Read More: http://www.good.is/post/agriculture-...n-communities/

Quote:
It has often been observed that suburbia is a place where the developer displaces animals and rips out trees, and then names the streets after them. Whether you see that as destruction or reinvention, the tendency is nothing new. All of America was built on this sort of land transformation, some of it smart, much of it not. But the devastation wrought from decades of intervention by heavy equipment has manifested itself in a range of ills from economic collapse to loss of biodiversity. So today we’re faced with a strange scenario: Our relentless pursuit of the American Dream now has us scrambling for a return to Eden.

“We’re at a watershed in terms of reaching the limits of sustainability both environmentally [and in] time and expense,” says June Williamson, coauthor with Ellen Dunham-Jones of Retrofitting Suburbia: Urban Design Solutions for Redesigning Suburbs. “There are many dynamics pushing and encouraging a rethinking of our development patterns. The opportunity is there to reshape those settings in a way that will reflect changing demographics, recognize climate change, and acknowledge the need for new suburban development patterns.”

Look at Google Maps images of any platted but unbuilt or unfinished subdivision—all remaining evidence of what stood before erased, replaced with flattened house lots with nothing on them, paved streets including curvy cul-de-sacs, and even street signs, but no signs of life—and you’ll understand the impulse to do things differently. According the American Farmland Trust, more than 6 million acres of agricultural land in the United States were lost to development between 1992 and 1997 alone. Consider that many of those acres were lost to developments that never saw the light of day. Is it too late to restore that acreage? And is it possible that agriculture could be suburbia’s best hope?

Well, sort of. It’s not as if Orange County, California, despite its dire decline in home values, is going to revert back to acres of orange groves. But around the country, there’s a growing interest in looking at the ways agriculture might help retrofit ailing suburbs and cities, and offer an alternative way of thinking about new developments.
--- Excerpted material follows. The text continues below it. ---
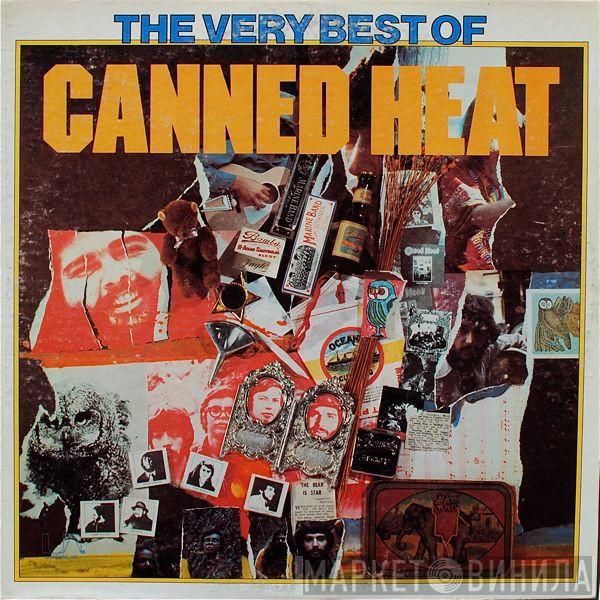  Canned Heat  - The Very Best Of Canned Heat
Growing Power, run by the urban farming expert, MacArthur Foundation “genius,” and GOOD 100 honoree Will Allen, has already demonstrated the potential of urban (and suburban) farming with six greenhouses on nearly two acres of land in Milwaukee as well as a 40-acre rural farm 45 minutes away in the suburb of Merton. And in Detroit, the entrepreneur John Hantz is moving forward with an ambitious but controversial plan to build the world’s largest urban farm—and with it, create green jobs, help the environment, and supply food to the region.



There is new movement to plan suburban communities around farms instead of golf courses. Can it catch on?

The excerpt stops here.